Write out the line with "Used 2025 Underground Toyota SR5 image 20" and each line after it to the end of the material, exactly as they appear and with nothing else.

[SOURCE DATA Boundary: Start]

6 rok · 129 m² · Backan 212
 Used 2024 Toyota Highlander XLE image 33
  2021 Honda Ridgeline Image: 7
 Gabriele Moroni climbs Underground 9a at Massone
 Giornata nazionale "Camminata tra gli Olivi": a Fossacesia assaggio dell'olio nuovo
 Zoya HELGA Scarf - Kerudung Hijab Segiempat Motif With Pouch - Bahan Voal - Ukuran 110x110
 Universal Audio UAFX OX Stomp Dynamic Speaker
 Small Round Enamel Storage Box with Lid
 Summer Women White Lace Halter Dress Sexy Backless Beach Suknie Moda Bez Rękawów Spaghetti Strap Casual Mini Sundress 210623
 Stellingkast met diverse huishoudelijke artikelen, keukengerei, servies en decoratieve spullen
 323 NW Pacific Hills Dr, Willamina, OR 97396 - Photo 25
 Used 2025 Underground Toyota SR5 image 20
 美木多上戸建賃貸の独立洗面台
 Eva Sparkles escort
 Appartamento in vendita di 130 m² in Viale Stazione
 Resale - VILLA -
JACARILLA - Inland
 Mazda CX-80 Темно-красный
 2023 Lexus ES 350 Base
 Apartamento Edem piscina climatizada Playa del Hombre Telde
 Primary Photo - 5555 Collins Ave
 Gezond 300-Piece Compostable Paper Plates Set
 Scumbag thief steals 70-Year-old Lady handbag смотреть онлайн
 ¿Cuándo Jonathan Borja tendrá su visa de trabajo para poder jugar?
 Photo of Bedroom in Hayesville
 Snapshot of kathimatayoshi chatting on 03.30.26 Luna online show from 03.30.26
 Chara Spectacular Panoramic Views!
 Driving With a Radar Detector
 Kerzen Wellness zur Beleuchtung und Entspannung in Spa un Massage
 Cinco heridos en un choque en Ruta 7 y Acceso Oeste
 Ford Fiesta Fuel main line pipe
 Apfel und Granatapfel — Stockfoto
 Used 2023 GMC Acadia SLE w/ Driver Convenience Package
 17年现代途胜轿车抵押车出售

[SOURCE DATA Boundary: End]

EXERCISE SOLUTION:
 Used 2025 Underground Toyota SR5 image 20
 美木多上戸建賃貸の独立洗面台
 Eva Sparkles escort
 Appartamento in vendita di 130 m² in Viale Stazione
 Resale - VILLA -
JACARILLA - Inland
 Mazda CX-80 Темно-красный
 2023 Lexus ES 350 Base
 Apartamento Edem piscina climatizada Playa del Hombre Telde
 Primary Photo - 5555 Collins Ave
 Gezond 300-Piece Compostable Paper Plates Set
 Scumbag thief steals 70-Year-old Lady handbag смотреть онлайн
 ¿Cuándo Jonathan Borja tendrá su visa de trabajo para poder jugar?
 Photo of Bedroom in Hayesville
 Snapshot of kathimatayoshi chatting on 03.30.26 Luna online show from 03.30.26
 Chara Spectacular Panoramic Views!
 Driving With a Radar Detector
 Kerzen Wellness zur Beleuchtung und Entspannung in Spa un Massage
 Cinco heridos en un choque en Ruta 7 y Acceso Oeste
 Ford Fiesta Fuel main line pipe
 Apfel und Granatapfel — Stockfoto
 Used 2023 GMC Acadia SLE w/ Driver Convenience Package
 17年现代途胜轿车抵押车出售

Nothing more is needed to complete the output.